- ASSIGNED TASK
From the first line to the last, restate the material word for word; pictures stay out.
EXTRACTED RECORDS Block Start
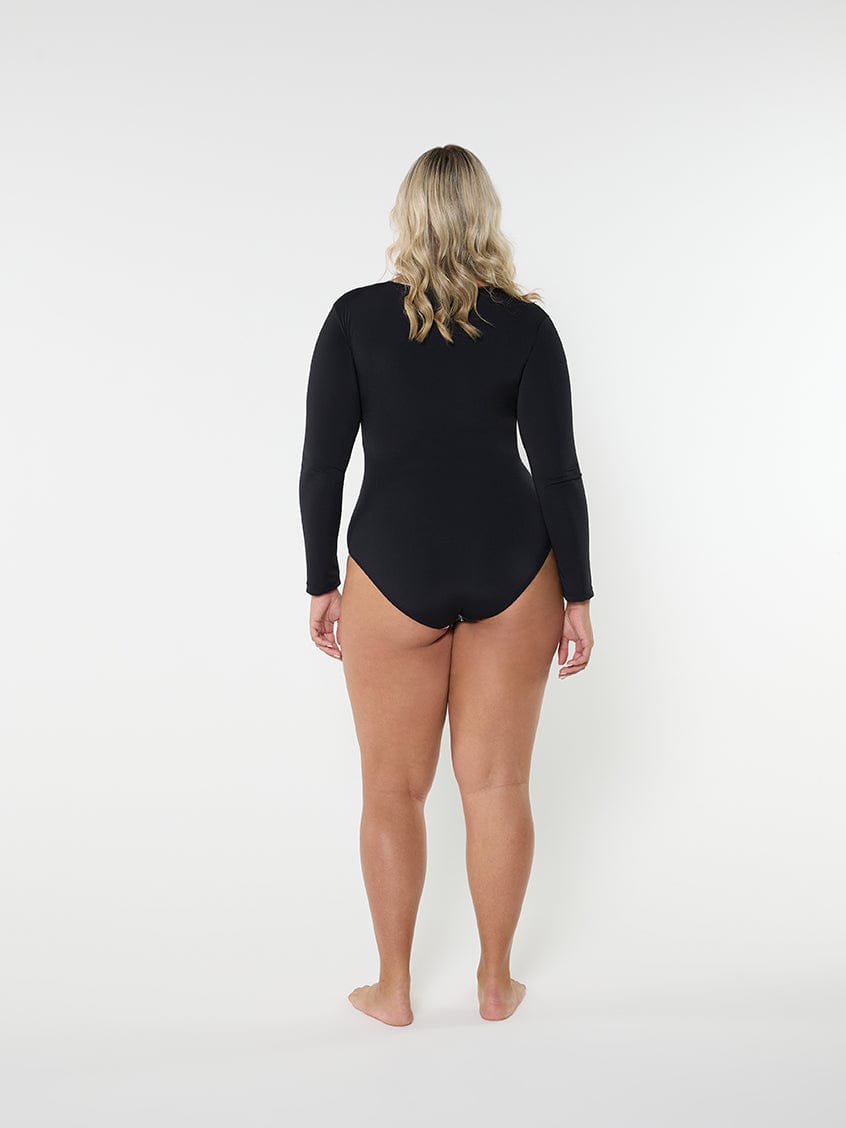 Person wearing a black swimsuit with long sleeves on a white background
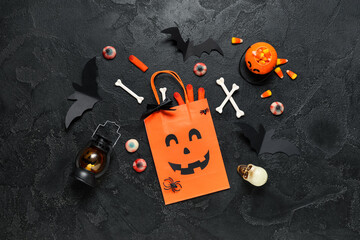 Wall Mural - Shopping bag with Halloween decorations, lanterns and candies on black background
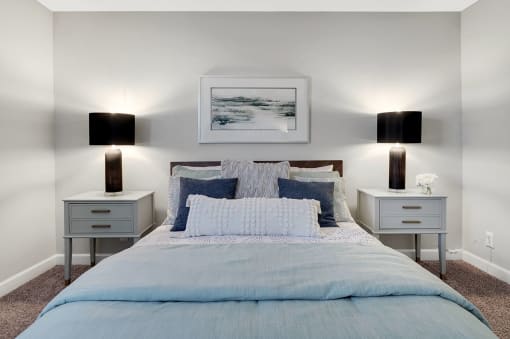a bedroom with a bed and two night stands at Stonewater Apartments, Louisville, KY 40241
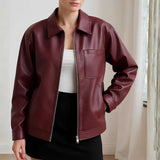 Person wearing a burgundy leather jacket indoors with a neutral background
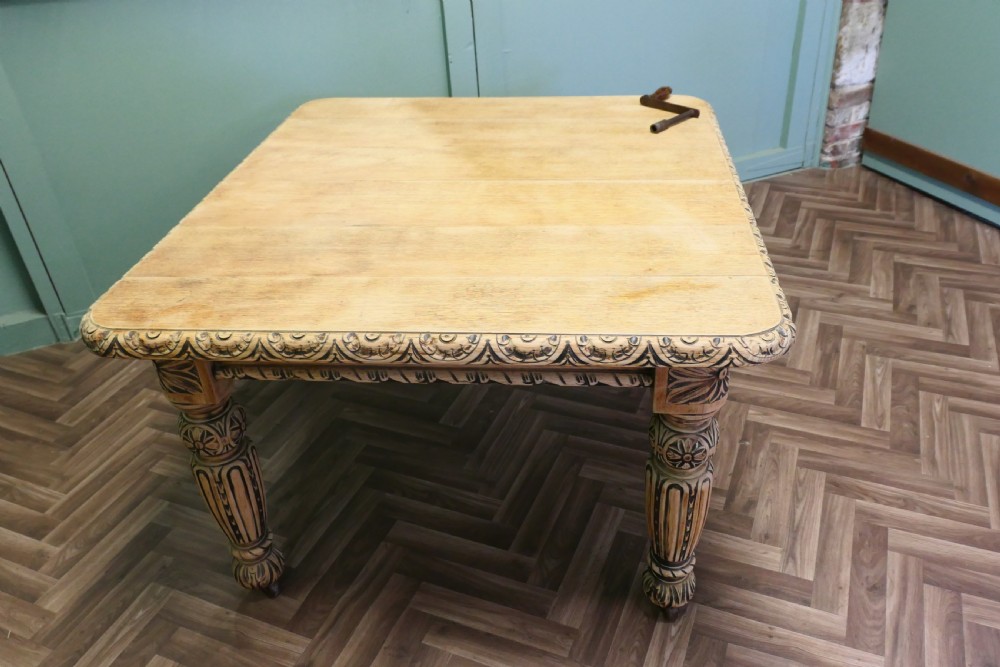 A rectangular bleached oak extending dining table with ornate carved aprons and turned legs. View II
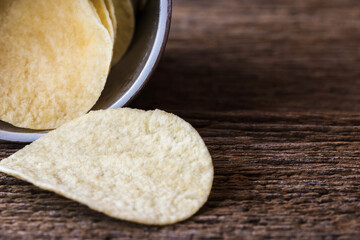 Potato slice chips crisps in paper tube box on wooden planks.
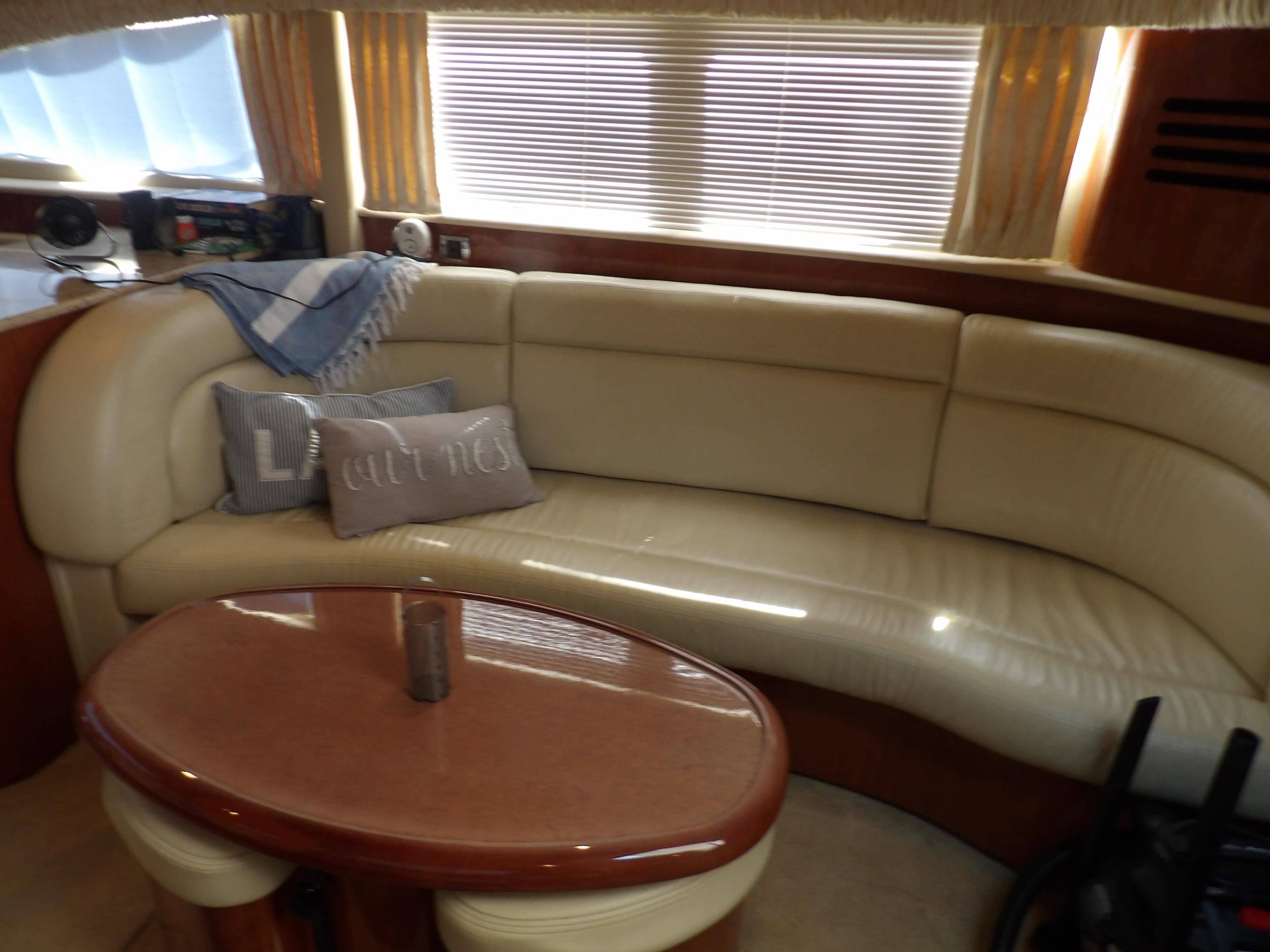 Interior of 2003 Sea Ray 390 Motor Yacht with leather seating and table.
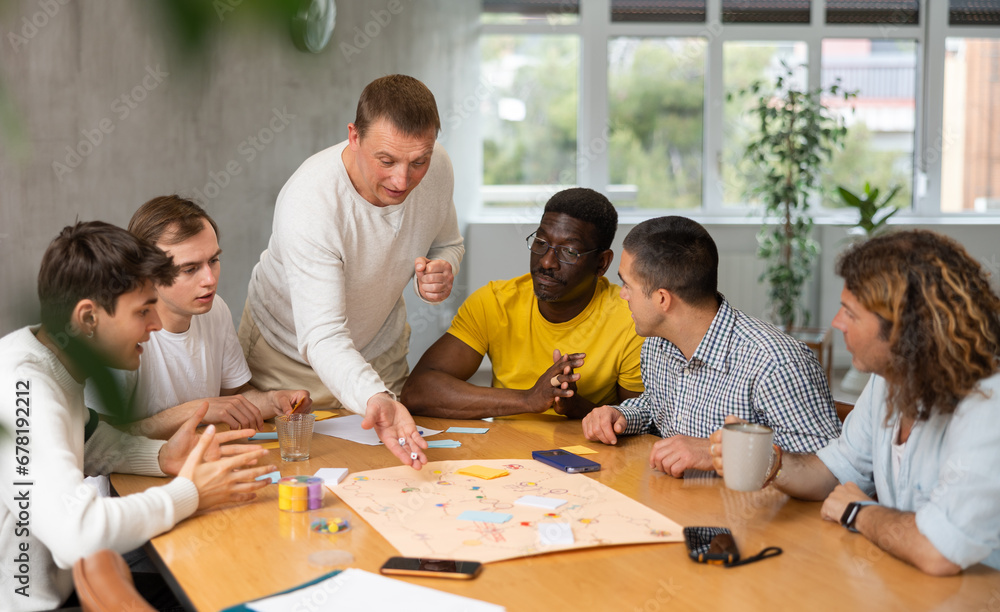 Fototapeta premium Excited man standing on foot playing board game with interested guys sitting around the table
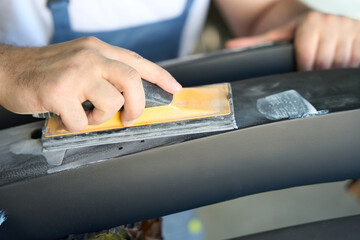 Skilled auto detailer buffing vehicle body part using tool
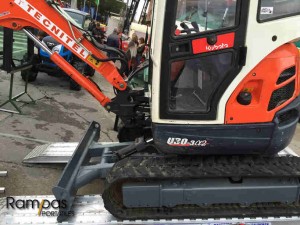 excavadora kubota sobre rampas dentadas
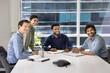 © fizkes - Happy multiethnic business colleagues sitting at large table in conference meeting room, looking away together, smiling, laughing, watching presentation, glad to see someone, enjoying cooperation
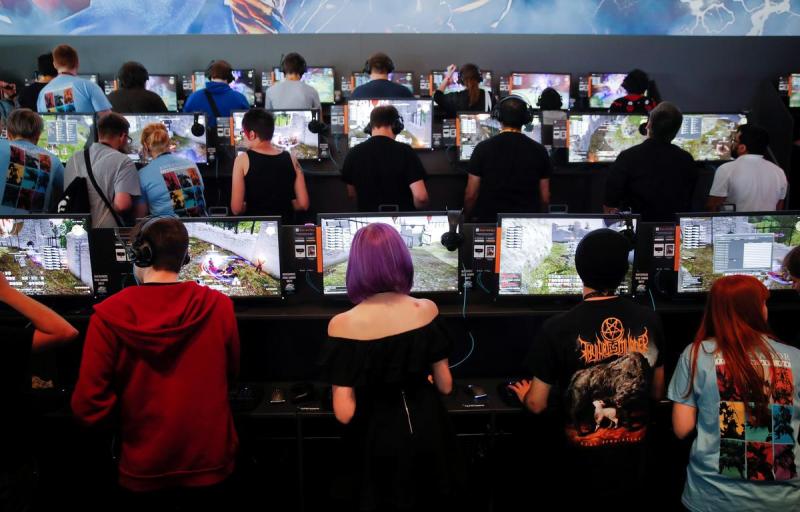 Gamers play video games during the opening of the world's largest computer games fair Gamescom in Cologne, Germany, August 22, 2017.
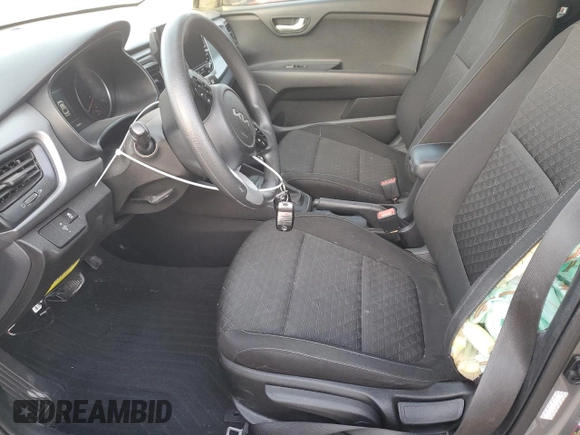 2023 Kia Rio S z VIN 3KPA24ADXPE542764, wystawiony jako Copart lot #49518125 z przebiegiem 73 897 mil mil oraz Szkoda całkowita • Salvage title. Historia ofert i sprzedaży dostępna na DreamBid. Obrazek 7.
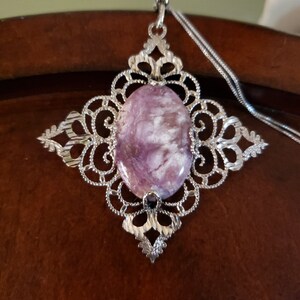 May include: A silver filigree pendant with a purple and white gemstone. The pendant is hanging from a silver chain.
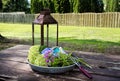 Gardening supplies on picnic table outdoors of home with flowers in tray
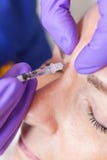 Доктор Giving Botox косметического хирурга к старшей стороне женщины стоковые изображения rf Доктор Giving Botox косметического хирурга к старшей стороне женщины стоковые изображения rf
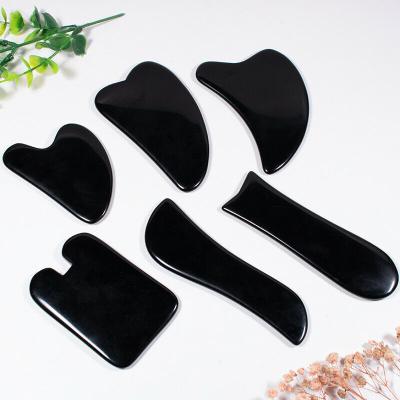 China Hot Selling Black Obsidian Piedra Jade Gua Sha Face Scraper Hand Held Heart Shape Black Obsidian Gua Sha Face Scraper for sale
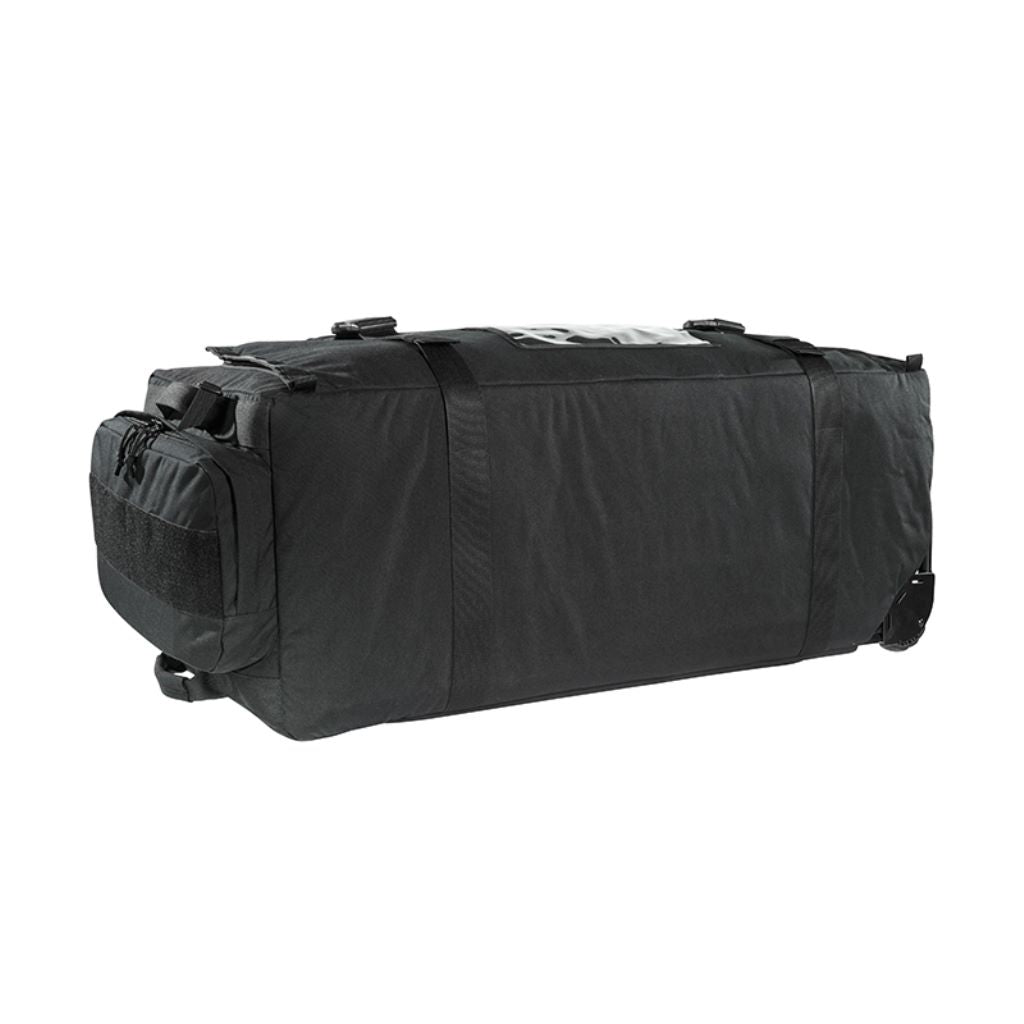 Left hand view of Tasmanian Tiger MIL Transporter, 190 litre deployment bag with large zipped accessible pocket, compression strap, handles at sides and small outside pouch - black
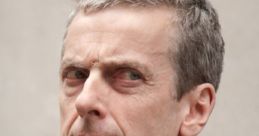 Malcolm Tucker's intense gaze in formal attire, embodying the sharp wit of "In The Loop" and "The Thick of It.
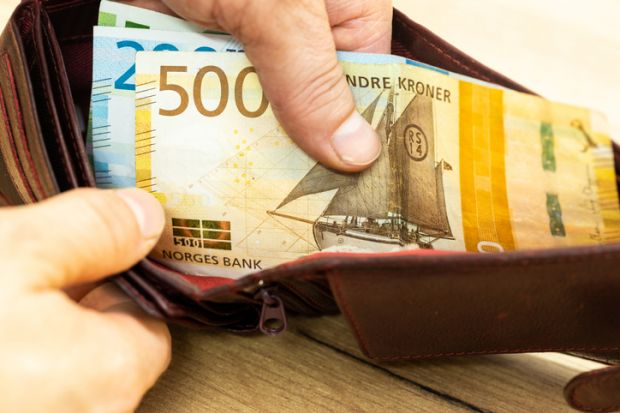 Open wallet with Norwegian kroner notes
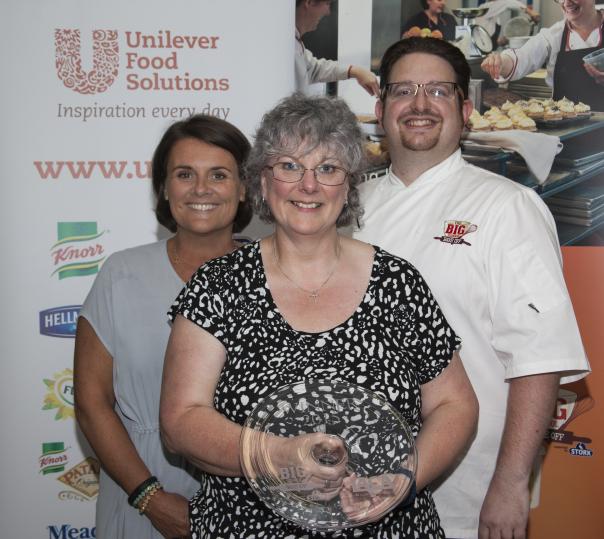 Amanda Barrett with judges Jo Wheatley and Andy Lagor Catering manager Amanda Barrett wins Big School Bake Off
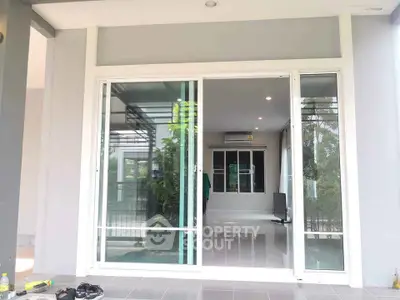 Modern home with sliding glass doors opening to a spacious living area, featuring sleek design and ample natural light.
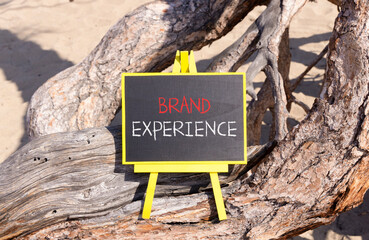Brand experience symbol. Concept words Brand experience on beautiful black yellow blackboard....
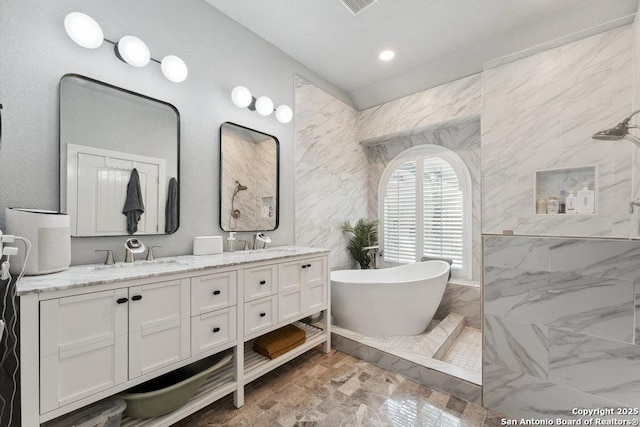 2047 Thicket Trail Dr, San Antonio, TX 78248 - bathroom with a soaking tub, double vanity, a sink, and walk in shower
EXTRACTED RECORDS Block End
- SOLUTION FOR THIS EXERCISE
 Person wearing a black swimsuit with long sleeves on a white background
 Wall Mural - Shopping bag with Halloween decorations, lanterns and candies on black background
a bedroom with a bed and two night stands at Stonewater Apartments, Louisville, KY 40241
 Person wearing a burgundy leather jacket indoors with a neutral background
 A rectangular bleached oak extending dining table with ornate carved aprons and turned legs. View II
 Potato slice chips crisps in paper tube box on wooden planks.
 Interior of 2003 Sea Ray 390 Motor Yacht with leather seating and table.
 Fototapeta premium Excited man standing on foot playing board game with interested guys sitting around the table
 Skilled auto detailer buffing vehicle body part using tool
 excavadora kubota sobre rampas dentadas
 © fizkes - Happy multiethnic business colleagues sitting at large table in conference meeting room, looking away together, smiling, laughing, watching presentation, glad to see someone, enjoying cooperation
 Gamers play video games during the opening of the world's largest computer games fair Gamescom in Cologne, Germany, August 22, 2017.
 2023 Kia Rio S z VIN 3KPA24ADXPE542764, wystawiony jako Copart lot #49518125 z przebiegiem 73 897 mil mil oraz Szkoda całkowita • Salvage title. Historia ofert i sprzedaży dostępna na DreamBid. Obrazek 7.
 May include: A silver filigree pendant with a purple and white gemstone. The pendant is hanging from a silver chain.
 Gardening supplies on picnic table outdoors of home with flowers in tray
 Доктор Giving Botox косметического хирурга к старшей стороне женщины стоковые изображения rf Доктор Giving Botox косметического хирурга к старшей стороне женщины стоковые изображения rf
 China Hot Selling Black Obsidian Piedra Jade Gua Sha Face Scraper Hand Held Heart Shape Black Obsidian Gua Sha Face Scraper for sale
 Left hand view of Tasmanian Tiger MIL Transporter, 190 litre deployment bag with large zipped accessible pocket, compression strap, handles at sides and small outside pouch - black
 Malcolm Tucker's intense gaze in formal attire, embodying the sharp wit of "In The Loop" and "The Thick of It.
 Open wallet with Norwegian kroner notes
 Amanda Barrett with judges Jo Wheatley and Andy Lagor Catering manager Amanda Barrett wins Big School Bake Off
 Modern home with sliding glass doors opening to a spacious living area, featuring sleek design and ample natural light.
Brand experience symbol. Concept words Brand experience on beautiful black yellow blackboard....
 2047 Thicket Trail Dr, San Antonio, TX 78248 - bathroom with a soaking tub, double vanity, a sink, and walk in shower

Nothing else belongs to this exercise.